What needs to be done → Would you repeat exactly the part of the listing below that runs from the line containing "Produktbild: Diversity, Distribution" down to the line containing "01 STATEMENT CREWNECK DELULU", inclusive, and nothing else?

☆ ☆ ☆

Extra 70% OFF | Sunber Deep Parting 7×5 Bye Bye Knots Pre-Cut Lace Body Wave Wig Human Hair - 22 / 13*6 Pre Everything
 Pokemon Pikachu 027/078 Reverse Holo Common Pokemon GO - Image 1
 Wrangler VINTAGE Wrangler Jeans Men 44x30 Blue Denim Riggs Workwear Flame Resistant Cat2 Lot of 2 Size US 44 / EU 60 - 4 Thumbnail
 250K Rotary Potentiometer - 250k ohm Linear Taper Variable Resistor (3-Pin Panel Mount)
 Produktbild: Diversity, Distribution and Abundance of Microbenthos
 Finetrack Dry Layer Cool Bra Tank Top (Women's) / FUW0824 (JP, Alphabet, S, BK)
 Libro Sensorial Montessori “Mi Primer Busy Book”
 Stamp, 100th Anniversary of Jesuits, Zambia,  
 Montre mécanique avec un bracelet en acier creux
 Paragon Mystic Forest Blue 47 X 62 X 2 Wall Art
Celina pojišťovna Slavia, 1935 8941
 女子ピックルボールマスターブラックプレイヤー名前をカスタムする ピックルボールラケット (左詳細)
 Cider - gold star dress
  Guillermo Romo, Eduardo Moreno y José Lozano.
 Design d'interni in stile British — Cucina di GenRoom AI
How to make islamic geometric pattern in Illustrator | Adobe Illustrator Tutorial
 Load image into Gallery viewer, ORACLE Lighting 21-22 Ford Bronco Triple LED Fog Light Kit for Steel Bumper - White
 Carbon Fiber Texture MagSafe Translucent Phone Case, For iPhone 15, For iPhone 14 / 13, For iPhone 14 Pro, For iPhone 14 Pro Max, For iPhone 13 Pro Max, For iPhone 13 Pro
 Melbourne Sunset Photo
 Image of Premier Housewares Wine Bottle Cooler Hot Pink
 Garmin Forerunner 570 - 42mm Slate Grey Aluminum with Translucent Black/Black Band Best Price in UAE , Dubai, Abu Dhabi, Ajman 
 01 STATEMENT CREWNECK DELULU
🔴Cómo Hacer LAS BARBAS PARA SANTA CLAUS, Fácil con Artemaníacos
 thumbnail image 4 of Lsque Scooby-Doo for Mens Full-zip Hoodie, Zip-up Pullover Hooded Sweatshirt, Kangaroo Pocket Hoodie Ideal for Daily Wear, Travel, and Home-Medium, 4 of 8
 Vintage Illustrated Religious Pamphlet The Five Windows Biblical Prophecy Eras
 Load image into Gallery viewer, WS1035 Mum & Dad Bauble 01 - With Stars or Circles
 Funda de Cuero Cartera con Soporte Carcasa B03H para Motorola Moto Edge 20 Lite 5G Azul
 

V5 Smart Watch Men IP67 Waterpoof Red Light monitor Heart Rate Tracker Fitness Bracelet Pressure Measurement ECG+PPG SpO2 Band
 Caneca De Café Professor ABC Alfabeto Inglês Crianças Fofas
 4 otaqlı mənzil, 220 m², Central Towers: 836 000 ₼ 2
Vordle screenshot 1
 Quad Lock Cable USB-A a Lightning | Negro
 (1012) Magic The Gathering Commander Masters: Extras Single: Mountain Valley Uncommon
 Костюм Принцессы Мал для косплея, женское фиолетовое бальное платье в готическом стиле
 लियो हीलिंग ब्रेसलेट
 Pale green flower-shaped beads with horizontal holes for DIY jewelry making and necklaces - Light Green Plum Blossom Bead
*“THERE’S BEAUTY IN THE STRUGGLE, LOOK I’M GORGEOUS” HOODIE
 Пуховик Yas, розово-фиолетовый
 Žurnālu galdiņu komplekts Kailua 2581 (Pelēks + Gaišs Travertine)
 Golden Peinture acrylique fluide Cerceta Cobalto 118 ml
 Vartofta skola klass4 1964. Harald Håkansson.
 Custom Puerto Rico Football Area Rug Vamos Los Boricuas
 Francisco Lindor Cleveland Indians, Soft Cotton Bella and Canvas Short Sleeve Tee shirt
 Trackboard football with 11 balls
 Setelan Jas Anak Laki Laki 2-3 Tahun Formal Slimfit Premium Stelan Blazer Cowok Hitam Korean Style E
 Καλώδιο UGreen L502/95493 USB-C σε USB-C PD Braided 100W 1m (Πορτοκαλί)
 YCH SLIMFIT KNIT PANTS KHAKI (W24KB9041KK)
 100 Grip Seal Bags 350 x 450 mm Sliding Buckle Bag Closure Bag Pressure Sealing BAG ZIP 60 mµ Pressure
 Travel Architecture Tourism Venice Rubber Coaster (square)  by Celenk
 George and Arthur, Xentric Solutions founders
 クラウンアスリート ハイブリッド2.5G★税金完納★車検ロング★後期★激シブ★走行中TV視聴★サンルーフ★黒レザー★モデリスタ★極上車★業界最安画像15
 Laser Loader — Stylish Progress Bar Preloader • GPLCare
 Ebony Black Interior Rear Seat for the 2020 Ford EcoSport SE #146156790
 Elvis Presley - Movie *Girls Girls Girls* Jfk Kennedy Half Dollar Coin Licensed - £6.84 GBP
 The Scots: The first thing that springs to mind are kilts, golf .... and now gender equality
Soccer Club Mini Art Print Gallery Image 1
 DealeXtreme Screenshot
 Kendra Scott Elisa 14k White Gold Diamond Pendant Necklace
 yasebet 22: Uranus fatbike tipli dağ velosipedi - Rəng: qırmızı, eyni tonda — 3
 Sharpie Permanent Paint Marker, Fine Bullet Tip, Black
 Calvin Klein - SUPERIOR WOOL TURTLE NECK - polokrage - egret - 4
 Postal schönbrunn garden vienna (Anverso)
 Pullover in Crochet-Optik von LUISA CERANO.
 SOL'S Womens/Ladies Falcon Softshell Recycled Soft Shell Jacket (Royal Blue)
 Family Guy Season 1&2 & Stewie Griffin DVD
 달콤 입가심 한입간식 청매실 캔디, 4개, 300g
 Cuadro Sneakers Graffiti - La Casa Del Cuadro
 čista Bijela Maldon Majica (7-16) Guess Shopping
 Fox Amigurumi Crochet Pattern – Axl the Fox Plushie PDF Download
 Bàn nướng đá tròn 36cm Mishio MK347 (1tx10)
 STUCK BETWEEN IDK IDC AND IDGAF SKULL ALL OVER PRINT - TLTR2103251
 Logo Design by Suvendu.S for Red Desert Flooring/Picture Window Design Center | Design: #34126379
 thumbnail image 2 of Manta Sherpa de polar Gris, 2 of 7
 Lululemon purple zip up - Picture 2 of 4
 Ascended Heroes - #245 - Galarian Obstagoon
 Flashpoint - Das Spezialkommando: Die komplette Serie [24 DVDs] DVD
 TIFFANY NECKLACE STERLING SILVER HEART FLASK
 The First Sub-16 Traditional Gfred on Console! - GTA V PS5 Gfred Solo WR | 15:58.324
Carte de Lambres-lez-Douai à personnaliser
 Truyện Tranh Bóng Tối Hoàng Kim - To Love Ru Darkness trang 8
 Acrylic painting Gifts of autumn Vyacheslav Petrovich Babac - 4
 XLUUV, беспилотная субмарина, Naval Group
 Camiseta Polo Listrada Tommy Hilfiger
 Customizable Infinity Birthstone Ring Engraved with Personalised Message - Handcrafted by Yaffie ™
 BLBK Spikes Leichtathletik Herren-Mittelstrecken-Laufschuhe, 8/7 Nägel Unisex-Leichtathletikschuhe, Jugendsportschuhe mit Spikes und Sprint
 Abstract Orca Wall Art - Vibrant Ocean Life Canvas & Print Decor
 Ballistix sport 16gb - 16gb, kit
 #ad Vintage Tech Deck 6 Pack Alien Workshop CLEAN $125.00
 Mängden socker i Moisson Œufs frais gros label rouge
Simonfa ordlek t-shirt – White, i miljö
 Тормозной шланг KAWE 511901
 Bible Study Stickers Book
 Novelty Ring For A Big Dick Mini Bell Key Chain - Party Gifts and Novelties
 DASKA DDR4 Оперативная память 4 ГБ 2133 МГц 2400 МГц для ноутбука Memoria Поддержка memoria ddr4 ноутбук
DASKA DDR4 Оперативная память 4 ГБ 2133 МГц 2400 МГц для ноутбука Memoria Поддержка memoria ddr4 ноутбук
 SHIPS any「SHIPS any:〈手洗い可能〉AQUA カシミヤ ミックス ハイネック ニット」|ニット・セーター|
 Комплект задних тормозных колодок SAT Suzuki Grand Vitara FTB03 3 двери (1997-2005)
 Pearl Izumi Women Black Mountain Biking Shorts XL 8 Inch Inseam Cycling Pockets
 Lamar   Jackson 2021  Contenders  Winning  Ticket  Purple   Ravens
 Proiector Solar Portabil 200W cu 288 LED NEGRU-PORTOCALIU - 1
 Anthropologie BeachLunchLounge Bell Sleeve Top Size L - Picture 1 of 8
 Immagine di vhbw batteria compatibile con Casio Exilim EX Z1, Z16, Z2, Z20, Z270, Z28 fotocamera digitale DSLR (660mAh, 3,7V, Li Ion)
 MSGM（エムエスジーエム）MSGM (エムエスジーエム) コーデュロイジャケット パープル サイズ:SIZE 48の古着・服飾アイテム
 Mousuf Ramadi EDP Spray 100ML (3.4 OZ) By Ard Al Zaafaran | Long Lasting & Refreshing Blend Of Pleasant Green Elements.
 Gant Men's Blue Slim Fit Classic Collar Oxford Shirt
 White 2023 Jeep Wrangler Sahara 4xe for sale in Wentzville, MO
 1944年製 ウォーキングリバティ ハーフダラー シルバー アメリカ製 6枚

☆ ☆ ☆

Exercise solution →
 Produktbild: Diversity, Distribution and Abundance of Microbenthos
 Finetrack Dry Layer Cool Bra Tank Top (Women's) / FUW0824 (JP, Alphabet, S, BK)
 Libro Sensorial Montessori “Mi Primer Busy Book”
 Stamp, 100th Anniversary of Jesuits, Zambia,  
 Montre mécanique avec un bracelet en acier creux
 Paragon Mystic Forest Blue 47 X 62 X 2 Wall Art
Celina pojišťovna Slavia, 1935 8941
 女子ピックルボールマスターブラックプレイヤー名前をカスタムする ピックルボールラケット (左詳細)
 Cider - gold star dress
  Guillermo Romo, Eduardo Moreno y José Lozano.
 Design d'interni in stile British — Cucina di GenRoom AI
How to make islamic geometric pattern in Illustrator | Adobe Illustrator Tutorial
 Load image into Gallery viewer, ORACLE Lighting 21-22 Ford Bronco Triple LED Fog Light Kit for Steel Bumper - White
 Carbon Fiber Texture MagSafe Translucent Phone Case, For iPhone 15, For iPhone 14 / 13, For iPhone 14 Pro, For iPhone 14 Pro Max, For iPhone 13 Pro Max, For iPhone 13 Pro
 Melbourne Sunset Photo
 Image of Premier Housewares Wine Bottle Cooler Hot Pink
 Garmin Forerunner 570 - 42mm Slate Grey Aluminum with Translucent Black/Black Band Best Price in UAE , Dubai, Abu Dhabi, Ajman 
 01 STATEMENT CREWNECK DELULU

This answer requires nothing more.